• [Action item]: The first line of the entries and each line after it, through the one that contains "Poster a colorful", are to be duplicated exactly; no picture belongs in the copy.

(Captioned web image data)
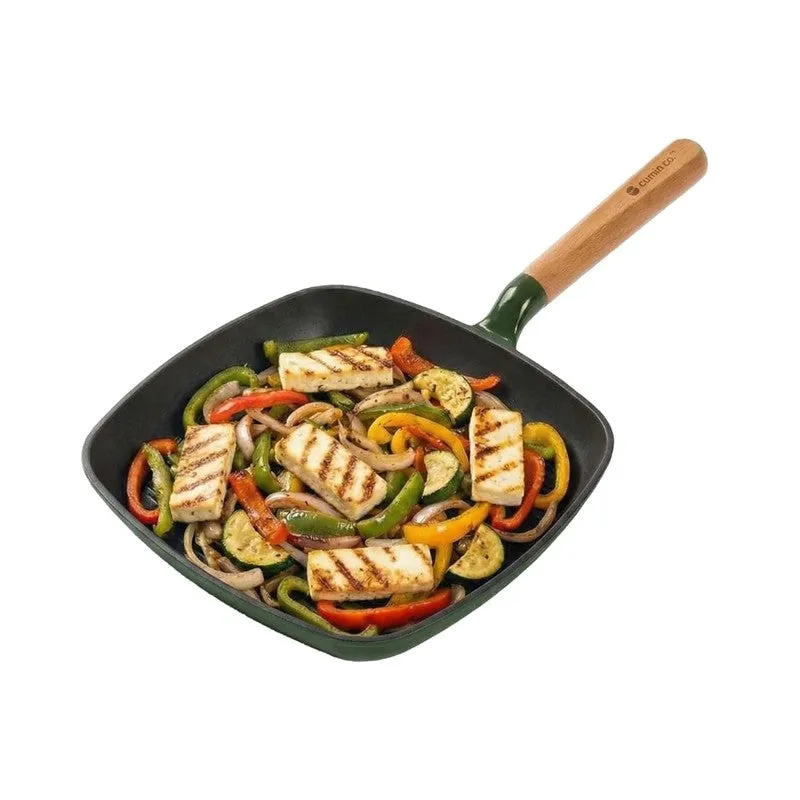 Cumin Co Enamel Cast Iron Grill Pan - Green media 3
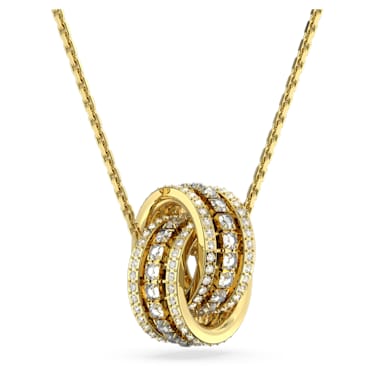 Further necklace, Intertwined circles, White, Gold-tone plated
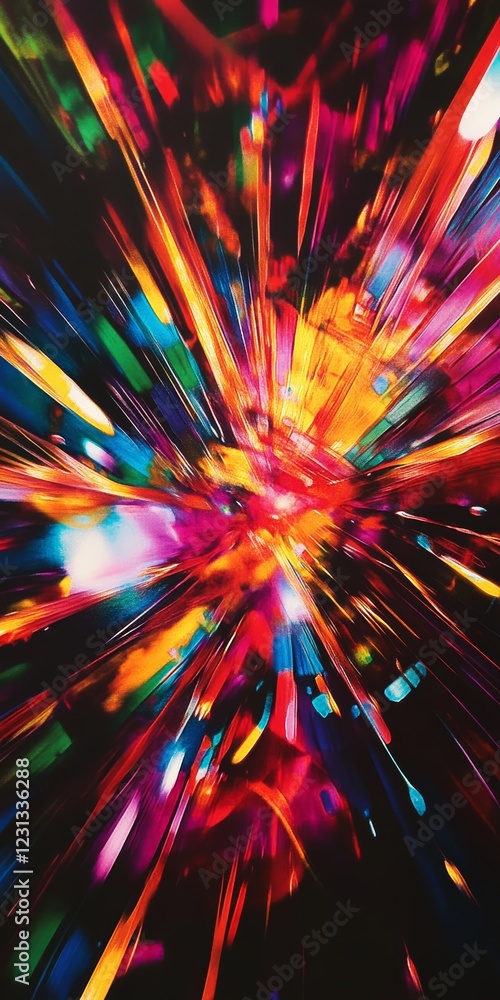 Poster a colorful explosion of light and color. the image is a vibrant and dynamic representation of a burs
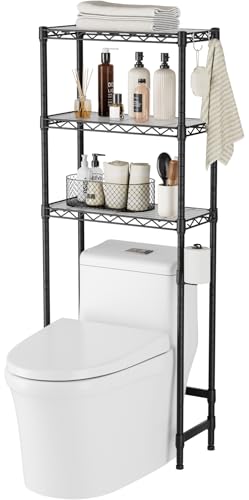 Over The Toilet Storage Shelf 3-Tier Bathroom Organizer and Storage Shelf | with Adjustable Shelf and Basket Freestanding Space Saver Above Toilet for Room Black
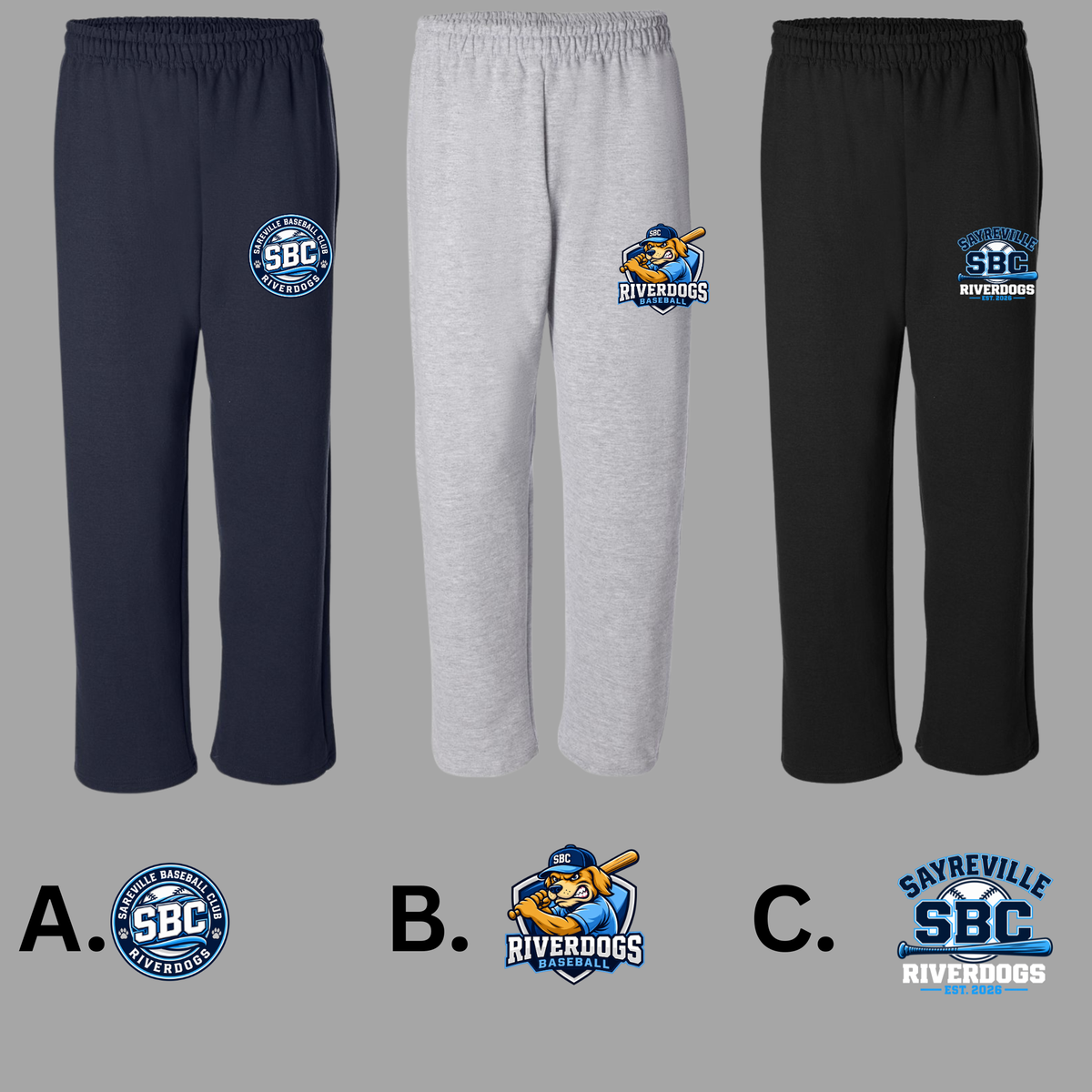 8U Riverdogs - Open Bottom Cotton Fleece Sweatpants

• [Written answer]:
 Cumin Co Enamel Cast Iron Grill Pan - Green media 3
 Further necklace, Intertwined circles, White, Gold-tone plated
 Poster a colorful explosion of light and color. the image is a vibrant and dynamic representation of a burs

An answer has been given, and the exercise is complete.